UBC is recognized for its academics and beautiful location, but it has been criticized for its lack of school spirit. AMS President Ava Nasiri is attempting to change that with the newly re-established Blue and Gold Society.

The Blue and Gold Society will meet in the Nest every two weeks and will be made up of UBC student leaders, representing many of the major groups on campus. For example, the first meeting was attended by the Chinese Varsity Club, the Engineering Undergraduate Society, the Calendar, among others.

The original Blue and Gold Society was established by AMS alumni to create school spirit within the UBC community. It primarily targeted sporting events and would encourage its members to dress in blue and gold — UBC’s signature colors — with the hope of generating a sense of UBC pride among students.

“It was a pep group. They ran the cheer squad, had the marching band under them and they got together, bringing hype to varsity games,” said Nasiri.

The club went through many transitions. But in all its iterations, school spirit was always at the core of the society’s purpose.

“The idea of the Blue and Gold Society is to bridge the gaps between the communities that currently exist within UBC. I think it’s simpler for students to find an immediate group of peers that they feel connected to,” said Nasiri.

The society — which Nasiri recently re-established — has a broadened and more holistic approach to school spirit. She hopes it will help ensure that school spirit will not just be a feature of varsity sporting events. She and the rest of the society will be attempting to integrate the blue and gold theme and spirit into the wider UBC community.
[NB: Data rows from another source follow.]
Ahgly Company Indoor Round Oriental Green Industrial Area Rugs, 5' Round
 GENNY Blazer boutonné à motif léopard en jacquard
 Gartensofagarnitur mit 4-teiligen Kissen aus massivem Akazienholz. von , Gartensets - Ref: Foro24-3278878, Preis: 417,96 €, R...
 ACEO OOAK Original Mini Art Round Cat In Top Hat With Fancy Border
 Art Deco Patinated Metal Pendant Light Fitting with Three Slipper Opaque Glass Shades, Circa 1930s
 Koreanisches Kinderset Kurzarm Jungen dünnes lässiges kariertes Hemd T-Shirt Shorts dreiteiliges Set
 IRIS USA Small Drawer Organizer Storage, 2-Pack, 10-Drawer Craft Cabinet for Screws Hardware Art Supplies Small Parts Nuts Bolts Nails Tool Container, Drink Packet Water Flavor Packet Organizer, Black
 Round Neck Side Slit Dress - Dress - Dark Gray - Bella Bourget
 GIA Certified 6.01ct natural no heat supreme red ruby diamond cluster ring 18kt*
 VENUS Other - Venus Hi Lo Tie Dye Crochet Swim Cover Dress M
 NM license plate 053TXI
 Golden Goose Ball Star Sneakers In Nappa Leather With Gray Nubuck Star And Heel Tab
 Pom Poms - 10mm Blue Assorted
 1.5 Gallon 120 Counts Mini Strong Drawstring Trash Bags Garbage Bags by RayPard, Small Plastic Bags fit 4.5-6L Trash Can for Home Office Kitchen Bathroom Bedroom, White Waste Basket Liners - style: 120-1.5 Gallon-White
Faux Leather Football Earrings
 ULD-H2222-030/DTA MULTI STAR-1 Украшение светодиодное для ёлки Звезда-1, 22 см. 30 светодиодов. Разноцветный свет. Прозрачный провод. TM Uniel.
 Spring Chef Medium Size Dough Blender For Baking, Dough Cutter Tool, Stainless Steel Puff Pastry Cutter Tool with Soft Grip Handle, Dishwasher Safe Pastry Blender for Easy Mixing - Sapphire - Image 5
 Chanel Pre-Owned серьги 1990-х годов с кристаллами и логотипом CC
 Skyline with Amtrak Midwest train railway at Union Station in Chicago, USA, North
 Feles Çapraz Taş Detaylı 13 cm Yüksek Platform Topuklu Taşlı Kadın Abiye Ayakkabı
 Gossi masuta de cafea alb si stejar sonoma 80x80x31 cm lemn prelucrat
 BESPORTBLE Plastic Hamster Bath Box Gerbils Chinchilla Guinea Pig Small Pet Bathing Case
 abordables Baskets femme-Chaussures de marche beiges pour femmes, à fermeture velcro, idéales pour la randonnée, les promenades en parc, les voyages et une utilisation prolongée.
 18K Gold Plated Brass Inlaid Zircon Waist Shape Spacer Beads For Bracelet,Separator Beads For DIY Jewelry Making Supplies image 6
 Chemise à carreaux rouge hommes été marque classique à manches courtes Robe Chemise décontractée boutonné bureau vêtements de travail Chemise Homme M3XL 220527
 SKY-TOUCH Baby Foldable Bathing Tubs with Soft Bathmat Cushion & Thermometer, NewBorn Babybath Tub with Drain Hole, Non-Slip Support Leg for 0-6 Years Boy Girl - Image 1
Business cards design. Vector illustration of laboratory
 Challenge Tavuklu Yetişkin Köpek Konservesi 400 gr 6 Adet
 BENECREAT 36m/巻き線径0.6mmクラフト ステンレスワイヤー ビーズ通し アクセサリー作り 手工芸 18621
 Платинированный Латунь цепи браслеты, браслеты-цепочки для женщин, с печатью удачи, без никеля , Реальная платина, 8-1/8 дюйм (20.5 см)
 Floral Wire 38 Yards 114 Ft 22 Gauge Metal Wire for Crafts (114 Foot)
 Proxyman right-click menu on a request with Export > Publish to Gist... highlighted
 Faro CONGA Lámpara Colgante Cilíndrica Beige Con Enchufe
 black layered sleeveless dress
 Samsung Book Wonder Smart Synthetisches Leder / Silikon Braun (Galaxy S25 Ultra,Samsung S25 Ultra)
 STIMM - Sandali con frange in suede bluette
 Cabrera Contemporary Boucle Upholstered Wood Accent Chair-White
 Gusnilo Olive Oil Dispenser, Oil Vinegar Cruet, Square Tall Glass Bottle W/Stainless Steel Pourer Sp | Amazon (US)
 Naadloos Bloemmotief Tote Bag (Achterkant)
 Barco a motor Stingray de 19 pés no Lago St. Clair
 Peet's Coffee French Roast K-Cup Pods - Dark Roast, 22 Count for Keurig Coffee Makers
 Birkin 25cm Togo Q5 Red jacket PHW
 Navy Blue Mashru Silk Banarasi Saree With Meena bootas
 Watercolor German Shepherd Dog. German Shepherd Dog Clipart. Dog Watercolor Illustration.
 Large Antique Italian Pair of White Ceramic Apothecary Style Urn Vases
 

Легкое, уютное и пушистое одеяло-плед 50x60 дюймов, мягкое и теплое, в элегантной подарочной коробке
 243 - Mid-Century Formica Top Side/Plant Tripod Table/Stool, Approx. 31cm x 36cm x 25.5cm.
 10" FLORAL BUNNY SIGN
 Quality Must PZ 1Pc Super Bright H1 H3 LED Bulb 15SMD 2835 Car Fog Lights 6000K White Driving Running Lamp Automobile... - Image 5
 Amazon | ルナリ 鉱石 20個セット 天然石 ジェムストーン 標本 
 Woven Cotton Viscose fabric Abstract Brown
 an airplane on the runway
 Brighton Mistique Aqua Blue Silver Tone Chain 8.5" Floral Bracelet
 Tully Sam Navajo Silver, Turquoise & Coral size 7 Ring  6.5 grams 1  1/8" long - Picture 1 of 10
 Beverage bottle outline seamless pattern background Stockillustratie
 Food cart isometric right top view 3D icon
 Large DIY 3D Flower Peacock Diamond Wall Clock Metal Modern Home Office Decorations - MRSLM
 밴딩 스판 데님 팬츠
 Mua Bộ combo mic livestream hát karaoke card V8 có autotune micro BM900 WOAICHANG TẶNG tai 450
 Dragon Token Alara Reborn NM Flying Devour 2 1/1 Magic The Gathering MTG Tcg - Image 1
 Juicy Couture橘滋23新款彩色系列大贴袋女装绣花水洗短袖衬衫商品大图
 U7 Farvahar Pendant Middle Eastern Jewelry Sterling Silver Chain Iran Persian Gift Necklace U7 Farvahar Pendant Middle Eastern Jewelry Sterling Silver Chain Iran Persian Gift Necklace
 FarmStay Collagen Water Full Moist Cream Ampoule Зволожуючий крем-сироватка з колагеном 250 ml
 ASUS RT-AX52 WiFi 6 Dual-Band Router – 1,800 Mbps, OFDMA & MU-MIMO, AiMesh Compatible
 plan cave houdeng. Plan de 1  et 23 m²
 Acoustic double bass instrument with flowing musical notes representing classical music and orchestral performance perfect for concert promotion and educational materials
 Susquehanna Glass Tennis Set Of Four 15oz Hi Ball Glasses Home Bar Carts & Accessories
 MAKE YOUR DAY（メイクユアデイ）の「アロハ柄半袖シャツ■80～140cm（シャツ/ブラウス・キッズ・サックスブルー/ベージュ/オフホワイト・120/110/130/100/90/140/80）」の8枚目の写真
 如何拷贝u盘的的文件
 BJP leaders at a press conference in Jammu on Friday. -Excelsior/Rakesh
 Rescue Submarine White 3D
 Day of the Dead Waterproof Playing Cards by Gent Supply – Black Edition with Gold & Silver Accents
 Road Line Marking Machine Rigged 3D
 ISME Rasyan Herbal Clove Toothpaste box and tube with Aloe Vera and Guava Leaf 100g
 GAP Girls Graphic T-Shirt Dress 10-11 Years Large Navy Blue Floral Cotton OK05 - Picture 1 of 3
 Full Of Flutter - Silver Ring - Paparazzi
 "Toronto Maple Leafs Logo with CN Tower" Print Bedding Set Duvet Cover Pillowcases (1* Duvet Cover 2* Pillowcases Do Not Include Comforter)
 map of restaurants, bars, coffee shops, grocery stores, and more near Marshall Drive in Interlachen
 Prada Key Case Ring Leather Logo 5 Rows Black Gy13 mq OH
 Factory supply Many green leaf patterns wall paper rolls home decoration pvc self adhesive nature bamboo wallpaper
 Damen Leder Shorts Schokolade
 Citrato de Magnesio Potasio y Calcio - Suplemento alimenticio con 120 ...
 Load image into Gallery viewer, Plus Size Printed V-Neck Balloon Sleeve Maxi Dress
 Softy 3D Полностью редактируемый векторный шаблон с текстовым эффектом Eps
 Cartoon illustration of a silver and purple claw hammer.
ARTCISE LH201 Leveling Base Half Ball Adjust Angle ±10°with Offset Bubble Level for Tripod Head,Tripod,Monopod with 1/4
“The main goal for the Blue and Gold Society is to bring ... all the sub-communities that currently exist and try to be the ribbon that tries to weave them all together,” said Nasiri. “The step that has always been missed is allowing [the society] to take shape with the input and collaboration of those participating,” recognizes Nasiri. Her hope is that the society will grow organically and support school spirit across all of UBC’s communities.